→ **Task description**:
Every line below from the one with "Chat et chien" through the one with "An adult large-sized" should be retyped exactly, both ends included; no other lines and no pictures.

→ **Source data**:
=== Section Start ===

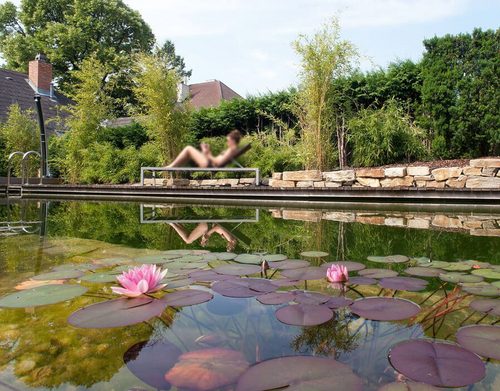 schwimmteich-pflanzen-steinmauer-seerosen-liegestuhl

=== Section End ===
=== Section Start ===

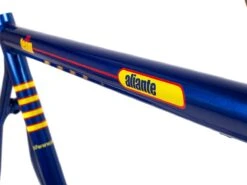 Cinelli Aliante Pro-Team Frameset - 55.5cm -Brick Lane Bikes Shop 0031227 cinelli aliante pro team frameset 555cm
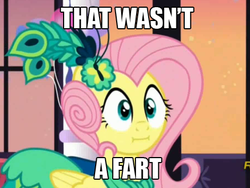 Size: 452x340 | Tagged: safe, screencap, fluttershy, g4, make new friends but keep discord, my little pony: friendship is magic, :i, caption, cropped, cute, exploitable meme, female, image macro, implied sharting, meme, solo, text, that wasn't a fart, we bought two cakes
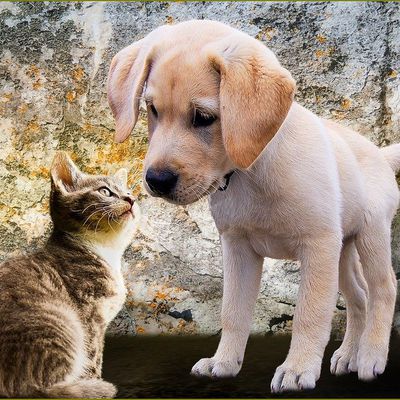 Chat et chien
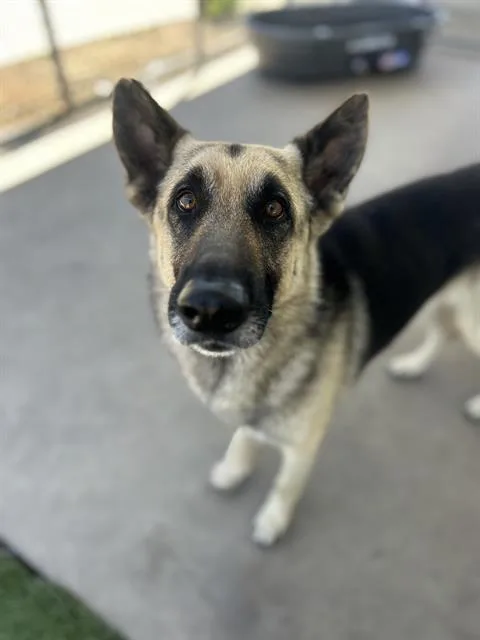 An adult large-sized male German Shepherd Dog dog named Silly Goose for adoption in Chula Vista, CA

=== Section End ===

→ **Expected answer**:
 Chat et chien
 An adult large-sized male German Shepherd Dog dog named Silly Goose for adoption in Chula Vista, CA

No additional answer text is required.